Detroit, Michigan - A Russian man was sentenced Wednesday for providing “bulletproof hosting” services, which were used by cybercriminals between 2009 to 2015 to distribute malware and attack financial institutions and victims throughout the United States.
On Dec. 1, Chief Judge Denise Page Hood of the U.S. District Court for the Eastern District of Michigan sentenced Aleksandr Grichishkin, 34, of Russia, to 60 months in prison for the scheme.
According to court documents, Grichishkin was a founder and leader of a bulletproof hosting organization that rented internet protocol (IP) addresses, servers, and domains to cybercriminal clients who employed this technical infrastructure to disseminate malware that allowed them to gain access to victims’ computers, form botnets, and steal banking credentials for use in frauds. Malware hosted by the organization included Zeus, SpyEye, Citadel, and the Blackhole Exploit Kit, which attacked U.S. companies and financial institutions between 2009 and 2015 and caused or attempted to cause millions of dollars in losses to U.S. victims.
Grichishkin also helped clients evade detection by law enforcement and continue their crimes uninterrupted by monitoring sites used to blocklist technical infrastructure used for crime, moving “flagged” content to new infrastructure, and registering all such infrastructure under false or stolen identities. On June 28 and Oct. 20, respectively, Chief Judge Hood sentenced two of Grichishkin’s co-conspirators, Pavel Stassi, 30, of Estonia, to 24 months in prison and Aleksandr Skorodumov, 33, of Lithuania, to 48 months in prison for their roles in the scheme.

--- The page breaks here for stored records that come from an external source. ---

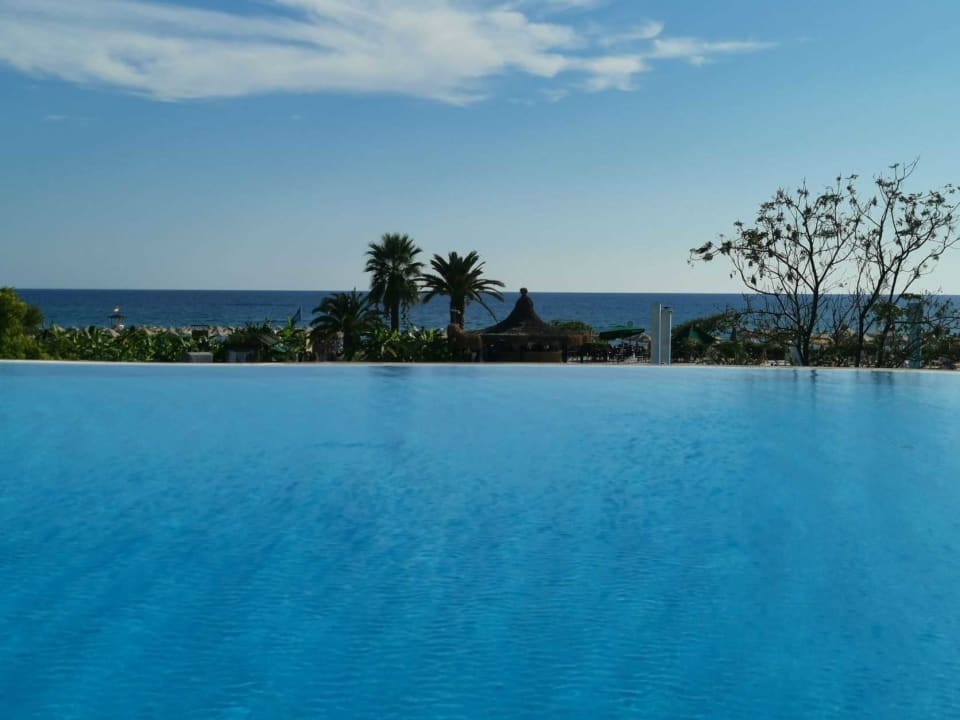 Pool Starlight Resort Hotel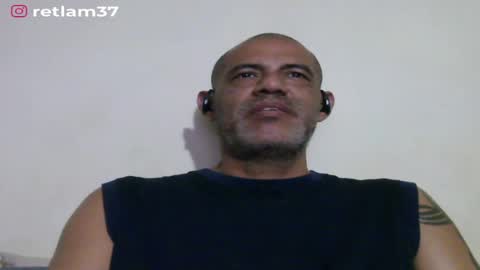 Snapshot of retlam37 chatting on 04/30/26, 04:19 Walter online show from 04/30/26, 04:19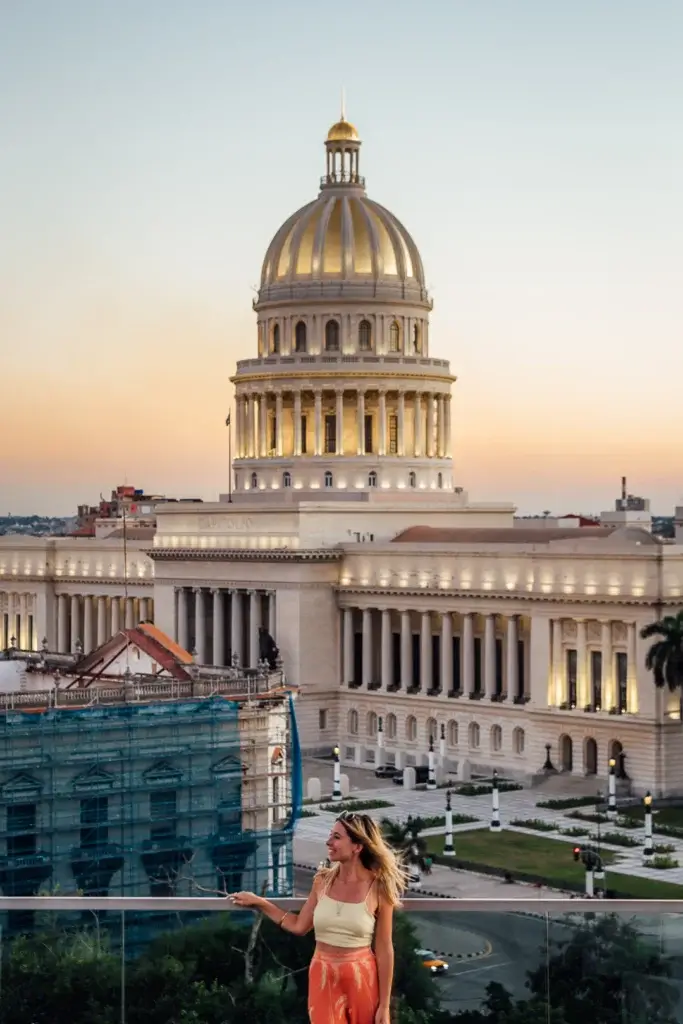 Gran Hotel Manzana Kempinski La Habana with view of El Capitolio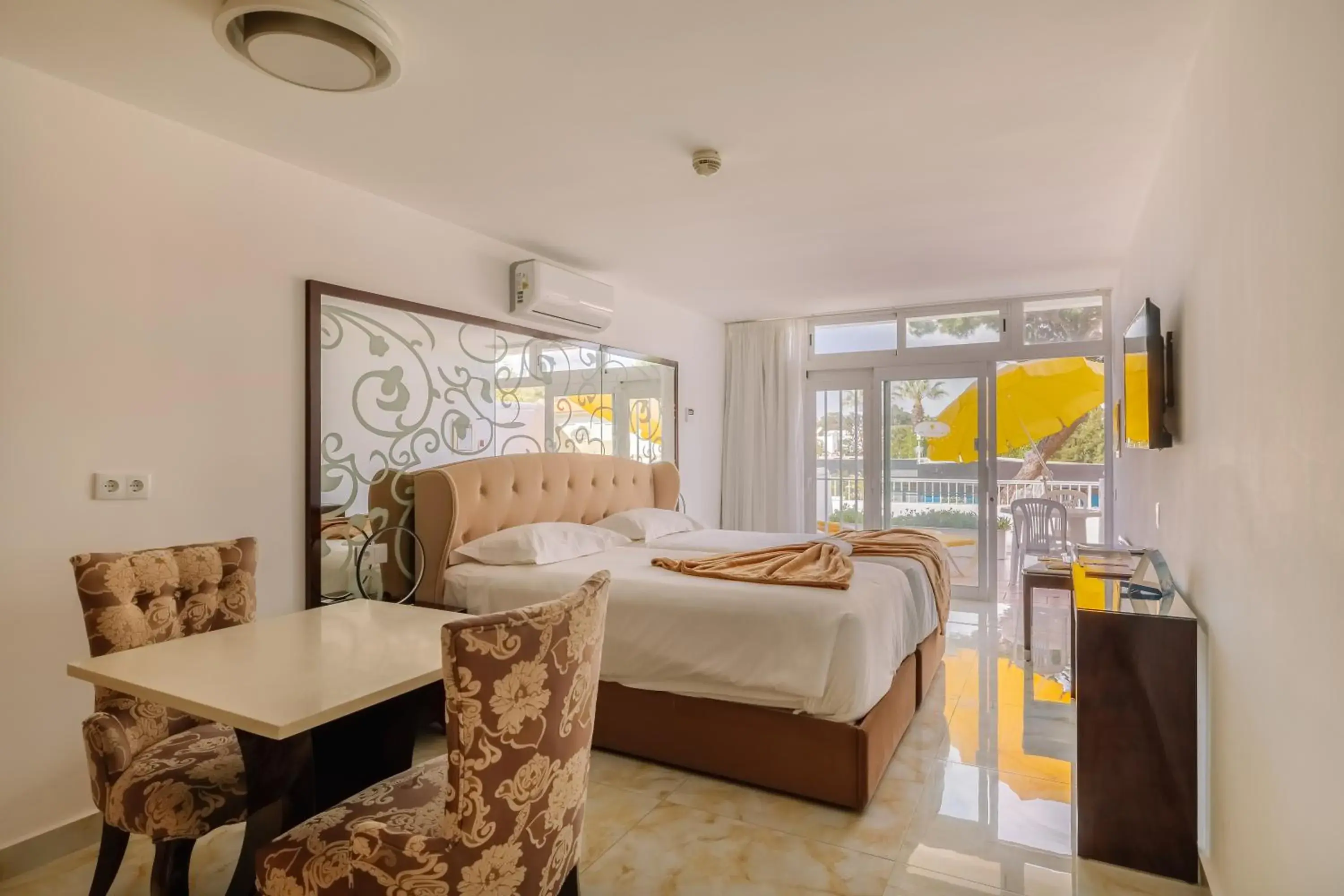 Deluxe Terrace Room with Sea or Pool View in Muthu Clube Praia da Oura Deluxe Terrace Room with Sea or Pool View in Muthu Clube Praia da Oura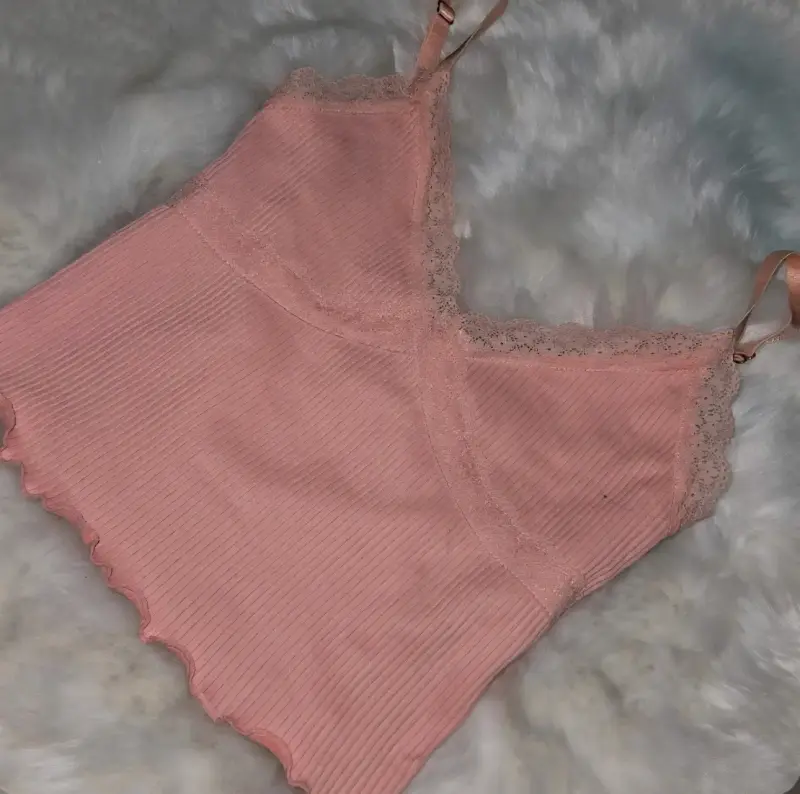 Top de encaje rosa para mujer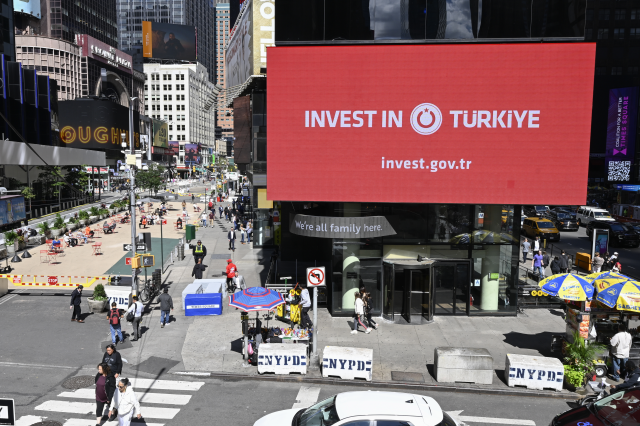Cumhurbaşkanlığı Yatırım Ofisi, Times Meydanı'ndaki dijital panolarda Türkiye'yi tanıttı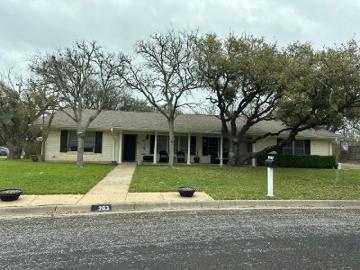 Highland Oaks Dr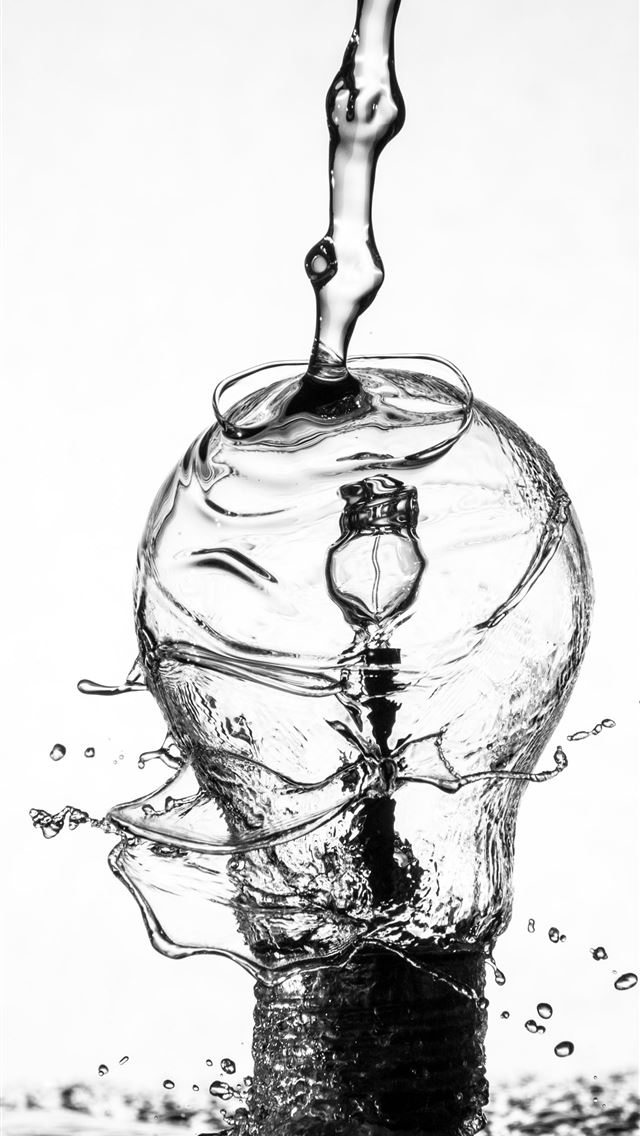 640x1136 water dropping on light bulb - art iPhone Wallpaper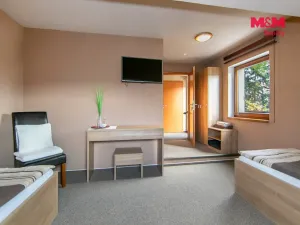 Prodej ubytování, Kladruby, Husova, 900 m2
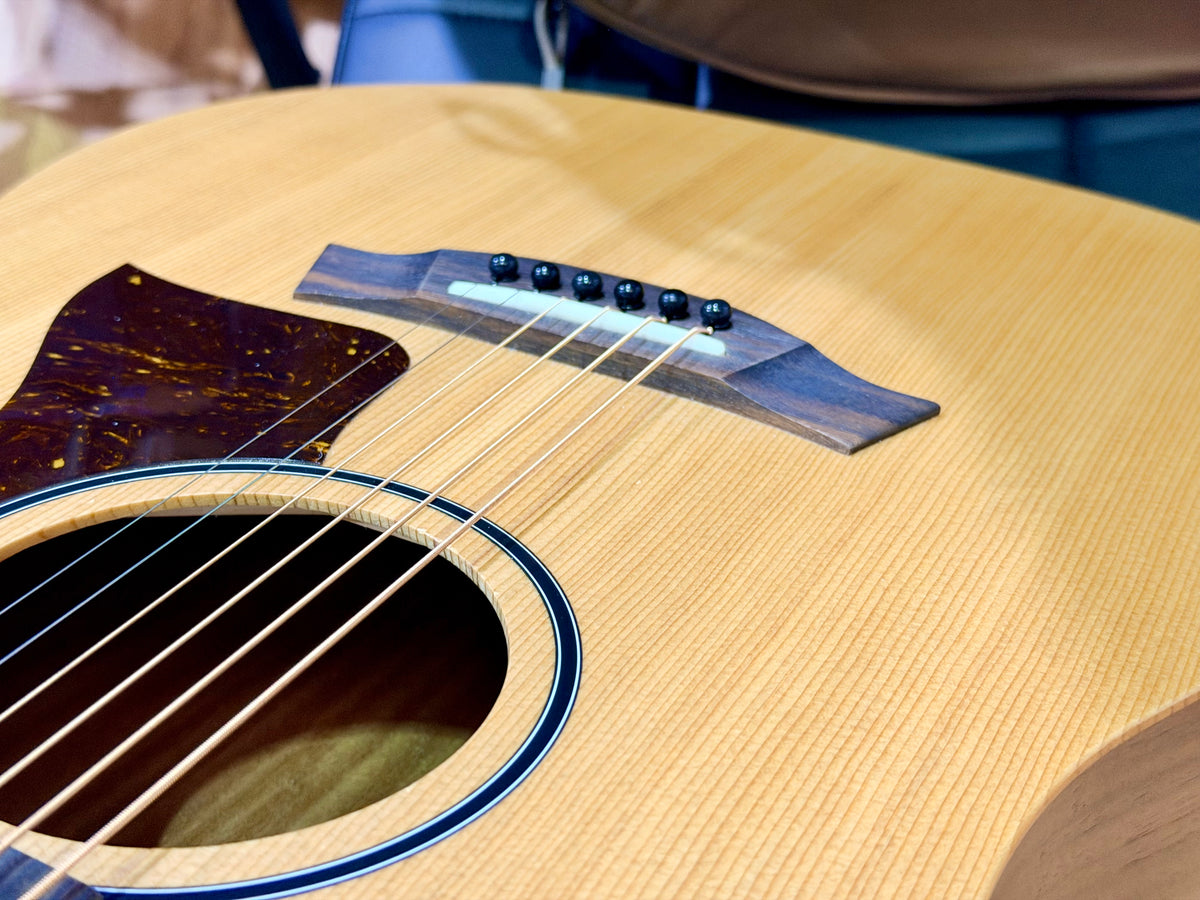 2026 Taylor Big Baby BBT Acoustic Guitar~ Natural~ Ex-Demo Mint + GigBag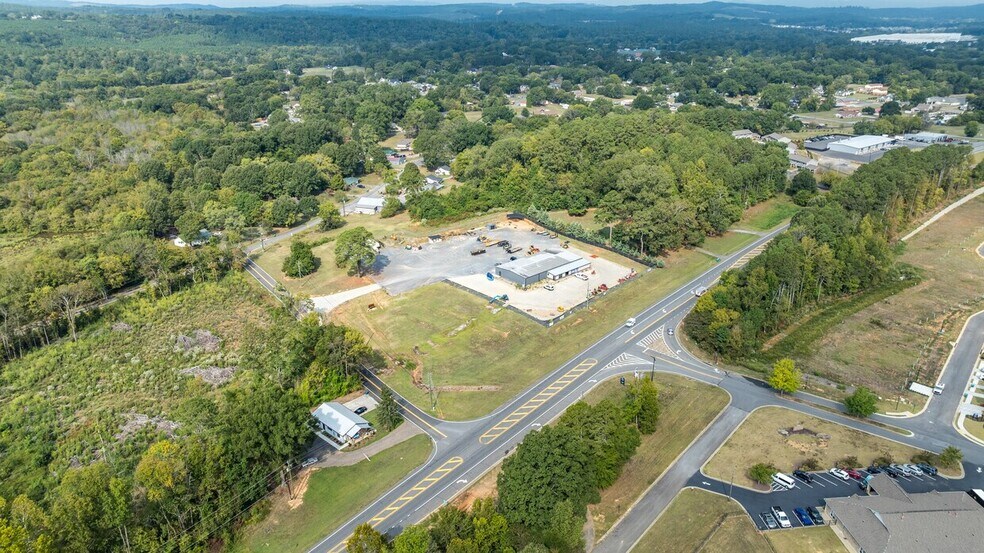 55 Cut Off Rd, Adairsville, GA à louer - Photo du bâtiment - Image 2 de 5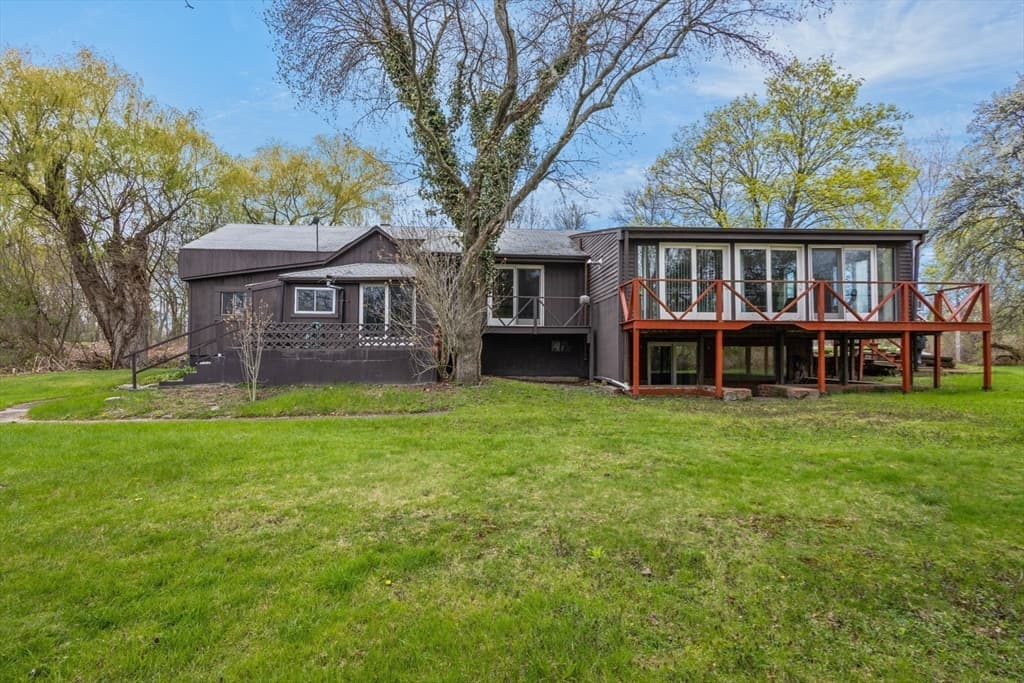 32 Morris St, Seekonk MA 02771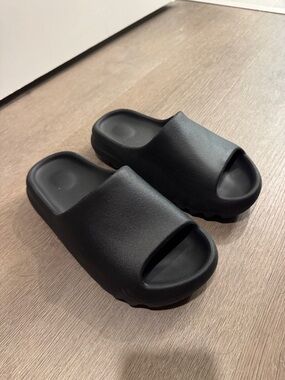 Yeezy Slide Sandals in Black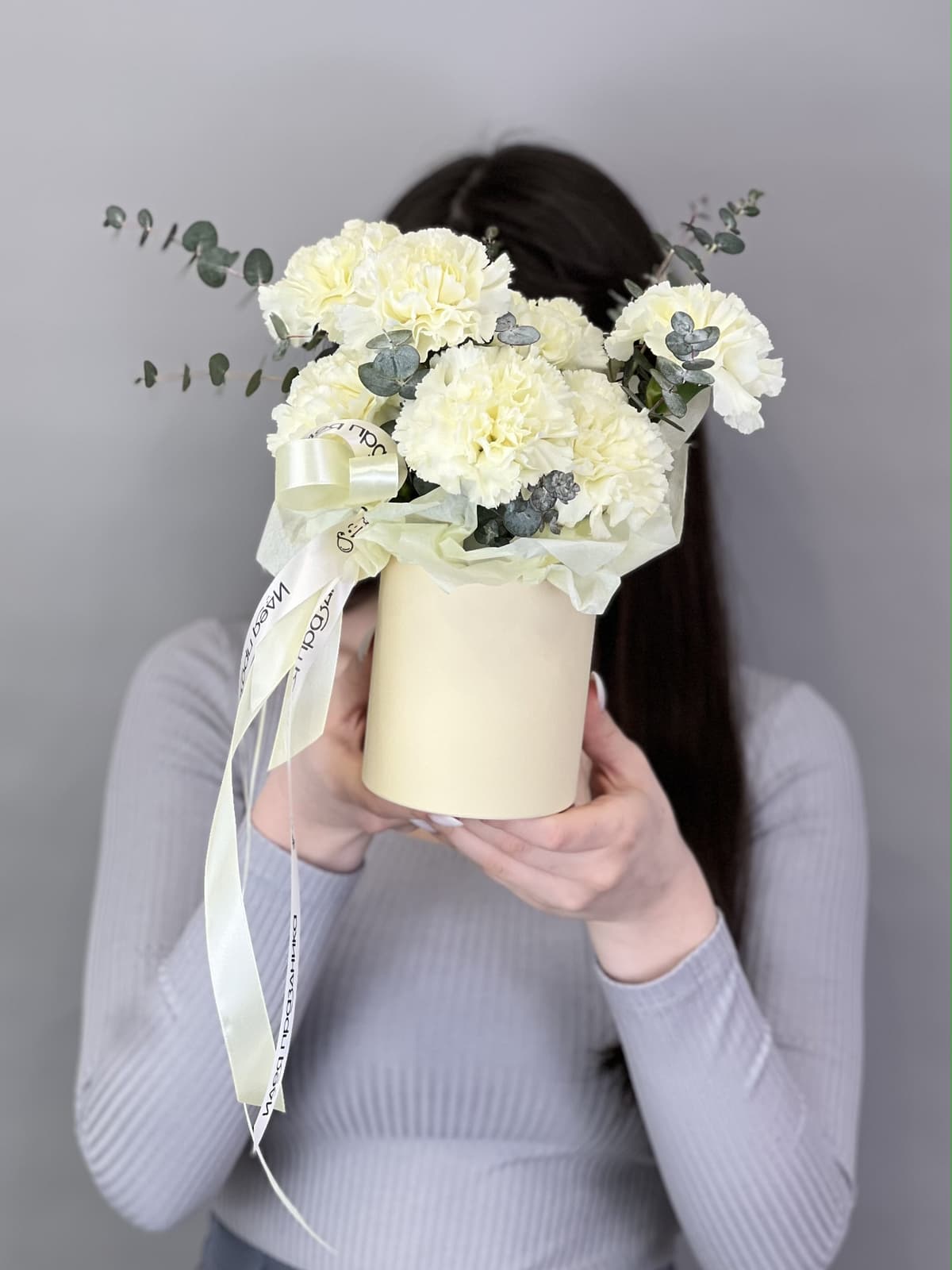 Композиция из сливочных диантусов XS в шляпной коробке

According to court filings and statements made in connection with the defendants’ guilty pleas, Grichishkin was one of the organization’s founders and proprietors, and its day-to-day leader. In this role, he oversaw efforts to advertise the organization’s bulletproof hosting services in online cybercrime forums, set pricing for these services, negotiated and interfaced with clients seeking internet infrastructure to be used in spamming and malware operations, managed employee hiring and compensation, and supervised the systems administrators’ and other employees’ work. He also regularly instructed other members of the organization on how to “resolve” abuse notices by, among other methods, moving the affected clients’ data to new, “clean” domains and IP addresses.
Stassi, Skorodumov, Grichishkin, and a fourth defendant, Andrei Skvortsov, 34, of Russia, each pleaded guilty to conspiracy to engage in a racketeer influenced corrupt organization. Skvortsov is pending sentencing and faces a maximum penalty of 20 years in prison. A federal district court judge will determine his sentence after considering the U.S. Sentencing Guidelines and other statutory factors.
The FBI investigated the case with critical assistance from law enforcement partners in Germany, Estonia, and the United Kingdom.
Senior Counsel Louisa K. Marion of the Criminal Division’s Computer Crime and Intellectual Property Section and Assistant U.S. Attorney Patrick E. Corbett of the Eastern District of Michigan prosecuted the case. The Justice Department’s Office of International Affairs provided substantial assistance.